Jun 20, 2023, 5:46 PM
2m
Richard J. Currie Center (University of New Brunswick)

Richard J. Currie Center

University of New Brunswick

Poster (Non-Student) / Affiche (Non-étudiant(e)) Condensed Matter and Materials Physics / Physique de la matière condensée et matériaux (DCMMP-DPMCM) DCMMP Poster Session & Student Poster Competition (9) | Session d'affiches DPMCM et concours d'affiches étudiantes (9)

Speaker

Mykhaylo Evstigneev

Description

When a Brownian particle moves too rapidly for the medium to effectively absorb its kinetic energy, the standard Einstein theory of diffusion with a constant viscous friction becomes invalidated. A natural description of this kind of Brownian dynamics is to take the friction as a decreasing even function of the particle's velocity. The stochastic equation of motion is formulated within this approach, in which a broad class of physically relevant functions describing the velocity-dependent friction is considered.
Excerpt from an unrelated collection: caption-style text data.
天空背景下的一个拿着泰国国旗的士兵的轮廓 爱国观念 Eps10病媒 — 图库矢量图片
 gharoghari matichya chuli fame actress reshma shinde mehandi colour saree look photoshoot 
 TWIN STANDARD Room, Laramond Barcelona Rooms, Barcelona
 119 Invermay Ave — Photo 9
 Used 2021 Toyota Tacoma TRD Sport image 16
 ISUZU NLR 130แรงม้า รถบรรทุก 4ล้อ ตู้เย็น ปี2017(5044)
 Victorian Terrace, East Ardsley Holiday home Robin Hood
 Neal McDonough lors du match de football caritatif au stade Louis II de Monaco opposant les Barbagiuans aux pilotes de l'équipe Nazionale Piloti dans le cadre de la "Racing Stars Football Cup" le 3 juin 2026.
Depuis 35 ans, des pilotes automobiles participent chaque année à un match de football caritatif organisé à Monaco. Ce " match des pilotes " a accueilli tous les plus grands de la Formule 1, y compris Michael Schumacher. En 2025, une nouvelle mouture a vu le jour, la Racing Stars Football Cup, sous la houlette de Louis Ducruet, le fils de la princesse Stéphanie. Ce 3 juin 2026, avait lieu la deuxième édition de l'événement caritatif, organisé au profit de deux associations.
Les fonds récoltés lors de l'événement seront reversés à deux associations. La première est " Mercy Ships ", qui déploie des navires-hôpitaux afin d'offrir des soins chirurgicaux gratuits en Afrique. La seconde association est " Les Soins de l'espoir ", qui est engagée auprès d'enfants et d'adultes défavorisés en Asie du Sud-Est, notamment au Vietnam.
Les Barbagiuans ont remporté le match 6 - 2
An analytical formula for the diffusion coefficient $D$ is derived. It is shown that $D$ as a function of temperature $T$ may exhibit only three scaling types: (i) $D \propto T$, corresponding to the standard Einstein relation with velocity-independent friction; (ii) $D \propto T^{\alpha + 1}$, corresponding to a power-law decrease of the friction coefficient with the velocity of the particle, $\gamma(v) \propto 1/v^{2\alpha}$ at high $v$; (iii) $D \propto 1/\sqrt{T - T_c}$, corresponding to a Gaussian relation between friction coefficient and velocity.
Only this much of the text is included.